Bachelorette's on the West Side

Justin bought me a new shiny camera for my birthday. It's red and sparkly :) I'm trying to figure out how to upload all of my pictures onto my computers, so while that is happening I will make a few notes about Nissa's Bridal Shower that took place this past Saturday.

1. The Company Picnic. It was thrown by Nissa's coworkers (including her manager) from Lulu's nail salon in San Diego. This means that the owner's wife (aka the manager) was in attendance as well as all of the other techs and receptionists.

2. And They're Off! Nissa invited Shannon and I to join her and her coworkers. I was under the impression (due to the evite) that we'd be getting drinks and appetizers at one bar and then going to a kareoke bar afterwards. To me, that means we'd be mingling at a bar, sipping cocktails, and munching on finger foods. To the manager, however, that apparently meant a sit-down affair with food and drink. I skipped on food since I'd just had dinner, but got a pomegranate martini (yum!), which the manager paid for...first round on her!

3. Set of Lungs. We eventually headed to the Lamplighter for some good ol' American fun: kareoke! I thought I might try my newly found kareoke skills, but once I realized it was jam packed full of college kids and old men, I changed my mind. Luckily, Nissa works with this adorable Japanese girl who sang an amazing rendition of "I will survive." She brought the house DOWN!

4. Queen Bee. About half way through the night, Shannon and I realized we'd be the only one's going home with our dignity. The owner's wife was all over the bar flies like whoa, while her minions were buzzing around trying to emulate her. And Nissa, of course, was the bachelorette, although she was very well behaved (no worries, Jason!). It definately made for some great people watching. Unfortunately, they were with us!

5. Negative Nancy. Around 1AM, after hours of me trying to make the best out of the situation (i.e. being Sober Sally in a room full of drunk and disorderly college kids, and surrounded by raspy-singing kareoke fools in white polyester pants. One lady sang "Enter Sandman" like James Hetfield himself. I'm talking scary. She threw down the mike, girated her hips, stood on a chair, and scared the poo out of the entire audience.), we realized that we needed to go home.

6. Lesbian Humping. The icing on the cake came right before we left when a lesbian woman started freak dancing me from behind. I was wearing a short brown dress and my new flowered wedges, but I have never been molested from behind by a woman before. The lesbian molestor eventually moved on to Nissa and then up to the stage, but soon after she dismounted my butt, this other lady comes up to me and goes "Were you just hitting on my girlfriend?" And I go "NO! She was hitting on ME!" She must have been trying to do damage control because her mean face turned soft and she started laughing. We had a good chuckle about how her girlfriend needed help standing up straight and how she must have found me hot to hit on me. Well, not hit on me, more like hump me. I guess there's a first time for everything!

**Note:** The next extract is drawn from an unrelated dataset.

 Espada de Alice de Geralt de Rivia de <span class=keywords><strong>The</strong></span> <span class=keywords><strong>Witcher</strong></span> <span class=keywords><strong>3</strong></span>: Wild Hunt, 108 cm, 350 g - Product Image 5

7. Go Back to Your Home. Finally, we were making our rounds to head back to the car to go home when some girl bumped into Nissa's shoulder. So what does my 5'2" 100 lb friend do? She turns around and whacks the girl with her purse. And when the other girl tried to fight her, little Nissa (the elf) stood her ground. Go Nissa! Go...HOME! :) And go home we did, leaving the hoochies from her work to their devices at the bar, of course. I guess girls will be girls.